The EPR dataset family

The EPR family consists of several integrated datasets that together cover the political, geographic, organizational, and demographic dimensions of ethnicity in comparative politics:

EPR Core identifies all politically relevant ethnic groups worldwide from 1946 to 2023 and codes the degree to which their representatives held executive-level state power in each year. The power access categories range from total control of the government, through senior and junior coalition partnership and regional autonomy, to powerlessness and active political discrimination. With over 800 groups coded across more than 150 countries, EPR Core is the main basis for cross-national research on ethnic inclusion, exclusion, and their consequences for conflict and democracy.

Geo-EPR extends the core dataset with geospatial information, assigning each group to one of six settlement patterns and providing digital map polygons describing their geographic locations. This enables researchers to study the spatial dimensions of ethnic politics (including the overlap between ethnic settlement areas and administrative or conflict boundaries) and to connect EPR groups to geographically referenced data from other sources.

ACD2EPR is a docking dataset that links armed conflicts in the UCDP/PRIO Armed Conflict Dataset to the politically relevant ethnic groups in EPR, establishing which ethnic communities are involved in which conflicts as rebel constituents or government-aligned groups.

EPR-TEK (Transnational Ethnic Kin) documents politically relevant ethnic groups that inhabit multiple countries, capturing which groups have ethnic kin across international borders and in which states. This enables research on irredentism, kin-state intervention, and the role of transnational ethnic ties in interstate conflict.

EPR-ED (Ethnic Dimensions) codes the linguistic, religious, and racial cleavages that characterize and internally divide the politically relevant ethnic groups in the EPR core. It thereby allows researchers to disaggregate group identities and study which dimension of ethnicity is most politically salient in a given context.

EPR-Organizations codes the formal political organizations (parties, rebel groups, and civil society organizations) that represent EPR groups and articulate their political demands, enabling research on the organizational bases of ethnic mobilization.
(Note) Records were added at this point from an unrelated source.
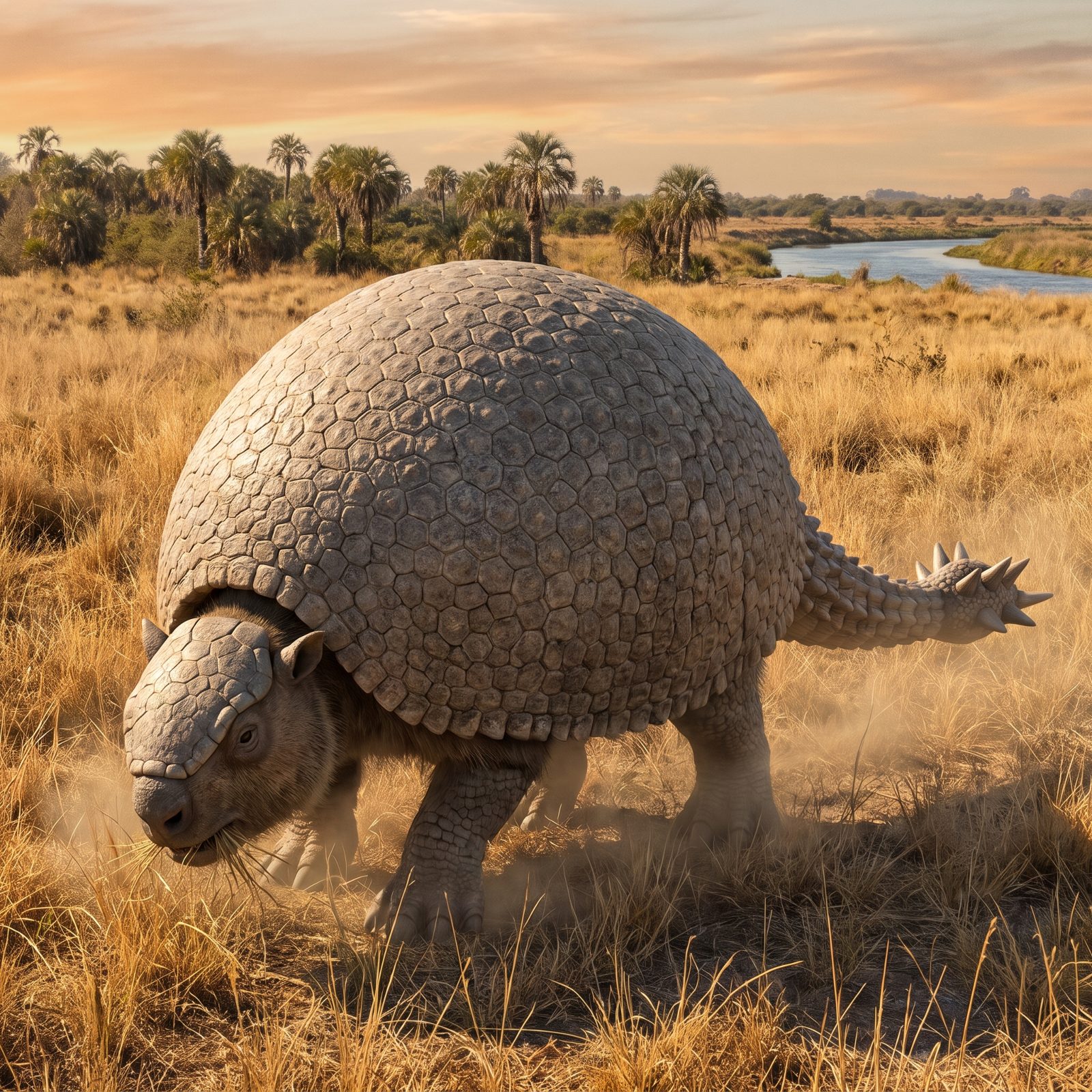 Glyptodon: The Volkswagen-Sized Armadillo With a Clubbed Tail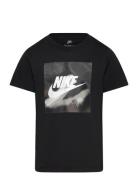 Nkn Club Express Ss Tee Black Nike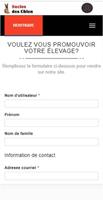 Socle de chiens de races - Boutique en ligne capture d'écran 3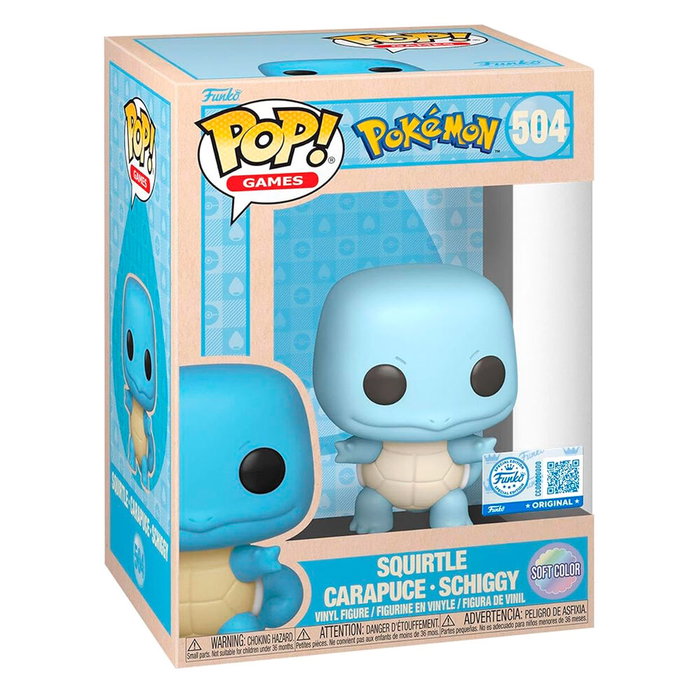 Funko Figura POP! Pokémon Squirtle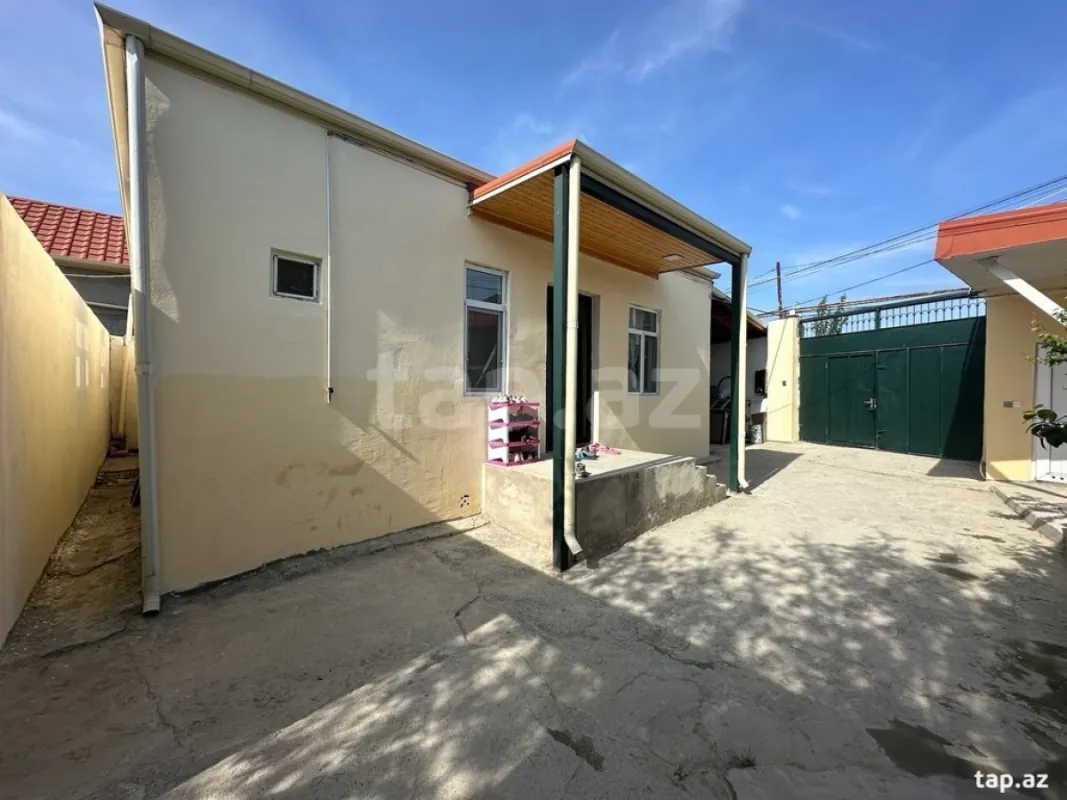 Satılır 3 otaqlı həyət evi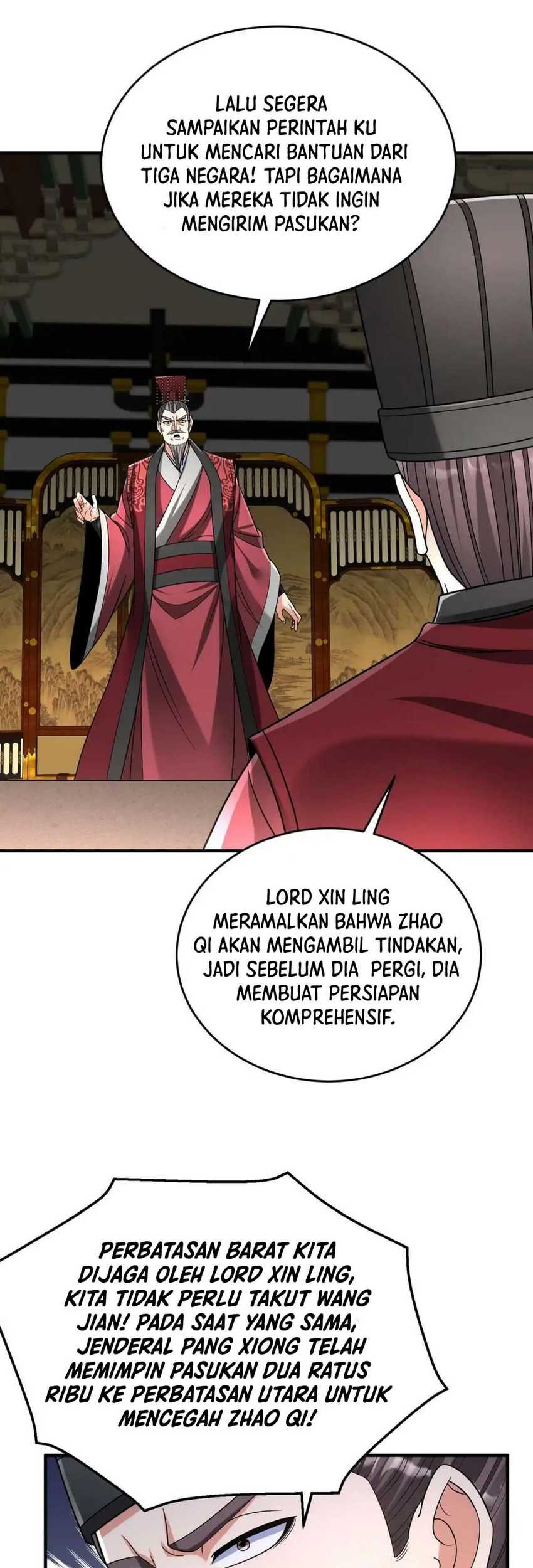 The Son Of The First Emperor Kills Enemies And Becomes A God Chapter 59 Gambar 22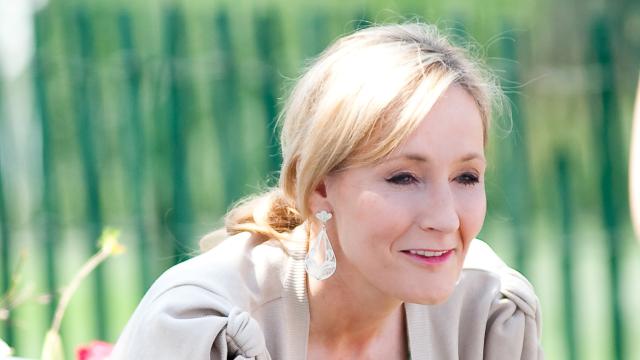 JK Rowling: ‘The MacBook Air Changed My Life’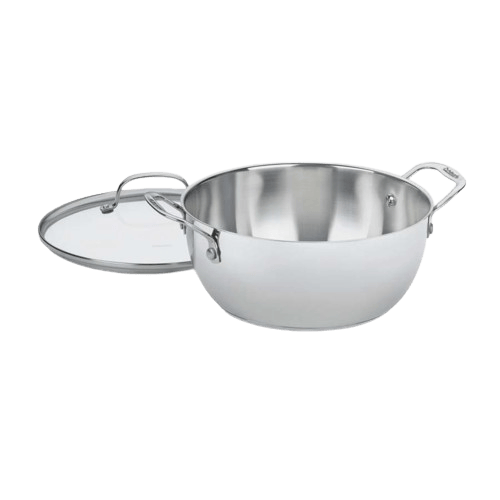 Cuisinart Chef's Classic™ Stainless 5.5 Quart Multi-Purpose Pan, Silver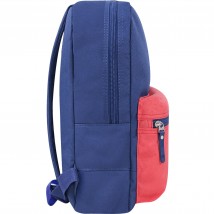 Backpack Bagland Youth mini 8 l. blue/red (0050866)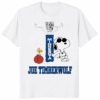 Snoopy Joe Timberwolf Joe Cool Shirt white t-shirt mockup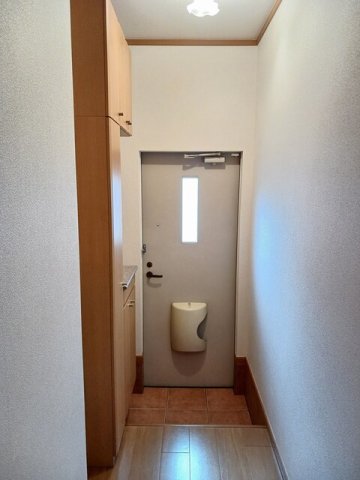 玄関　毎日通る玄関はこちらです
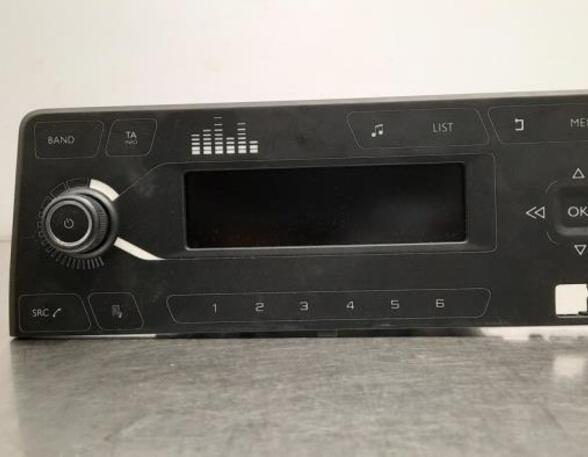 Audio Amplifier CITROËN BERLINGO Box Body/MPV (K9)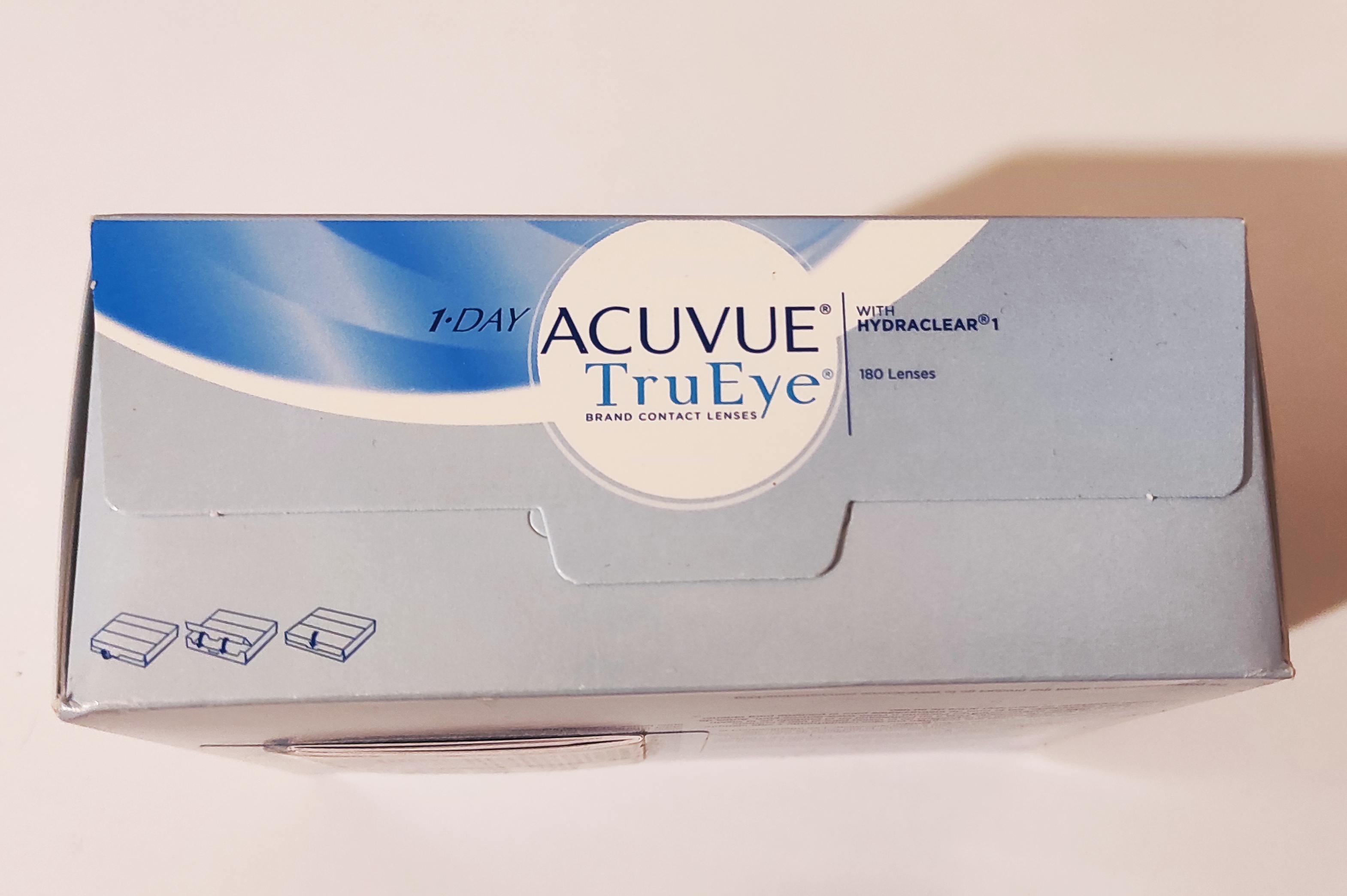 Контактные линзы 1-Day Acuvue TRUEYE.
My contribution and the 2023 update

The 2023 update, which I helped supervise, extended the EPR family's temporal coverage by two years, adding data for 2022 and 2023. This was important for capturing the most recent shift in global trends of ethnic inclusion and exclusion. The updated data reveal that, after decades of gradual decline in political exclusion following the Cold War, the percentage of ethnic groups excluded from executive power has been rising since approximately 2010. By 2023, 65 previously included groups had experienced political downgrading. This reversal closely tracks the growing political influence of nationalist and illiberal actors around the world; as the updated EPR data make clear, this trend has had concrete consequences: rising exclusion has driven increasing rates of ethnic civil war and interstate conflict, reversing the post-Cold War peace dividend (Cederman, Galano Toro, Girardin, Juon & Wucherpfenig 2026, The Return of Nationalist Geopolitics).

Figure 1. Trends in the share of ethnic groups excluded from executive power since 1985, based on the updated EPR dataset. After decades of post-Cold War inclusion, exclusion has risen markedly since 2010.

Role in my research

In addition to the 2023 update, EPR underpins a much wider body of my empirical work. EPR groups serve as the primary unit of analysis across my research on constitutional power-sharing and its consequences: the Constitutional Power-Sharing Dataset (CPSD) links its institutional indicators to EPR groups, enabling group-level measurement of who benefits from and who is excluded by formal power-sharing provisions. EPR's government access coding is also the standard measure of de facto power-sharing in my empirical analyses, against which constitutionally mandated power-sharing (as measured by CPSD) is consistently compared and validated. EPR group-years constitute the analytic sample for cross-national analyses of civil war risk, democratic quality, minority grievances, and the moderating or escalating effects of power-sharing arrangements across my conflict and democracy research.